EXERCISE DIRECTIONS
When you output the records, match them exactly and omit any picture they include.

[Stored dataset items]
----

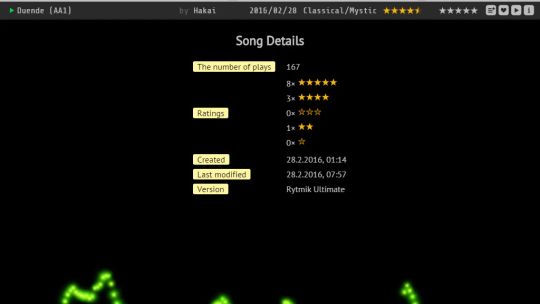 Rytmik Player screenshot 3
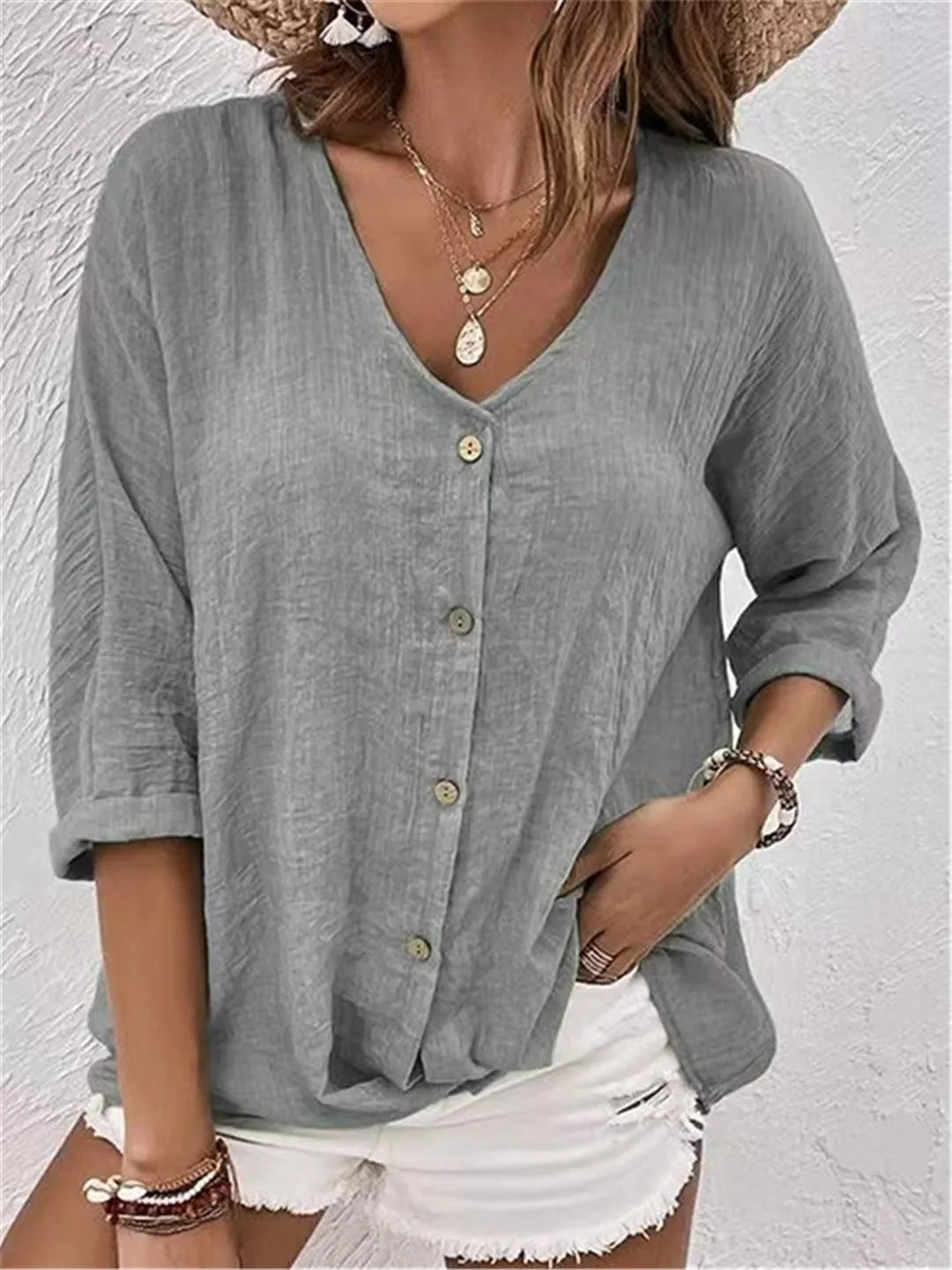 Fayo | Airy Day Top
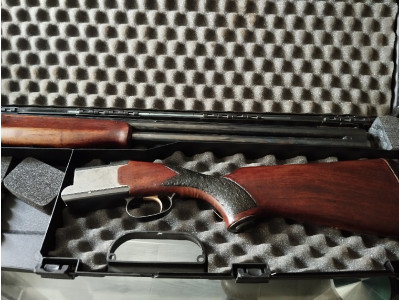 Escopeta Superpuesta Laurona Sporting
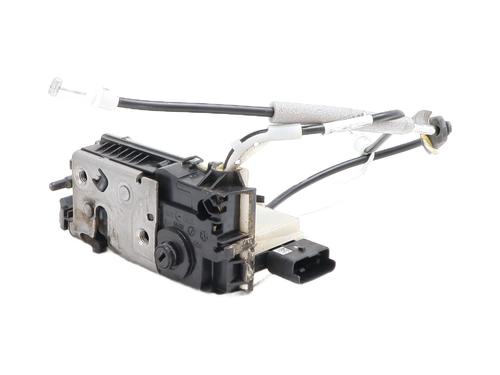 Used Front right lock Front right lock PEUGEOT 208 I (CA_, CC_) 1.2 VTI 82 (82 hp) 34044738 34044738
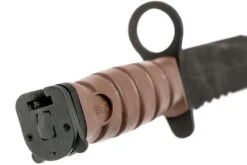 Ontario-3S Bayonet Marron, 6504 -Meilleurs Couteaux OKC6504 06 ontario okc6504 06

----

OUTPUT
 Rytmik Player screenshot 3
 Fayo | Airy Day Top
 Escopeta Superpuesta Laurona Sporting
 Used Front right lock Front right lock PEUGEOT 208 I (CA_, CC_) 1.2 VTI 82 (82 hp) 34044738 34044738
 Ontario-3S Bayonet Marron, 6504 -Meilleurs Couteaux OKC6504 06 ontario okc6504 06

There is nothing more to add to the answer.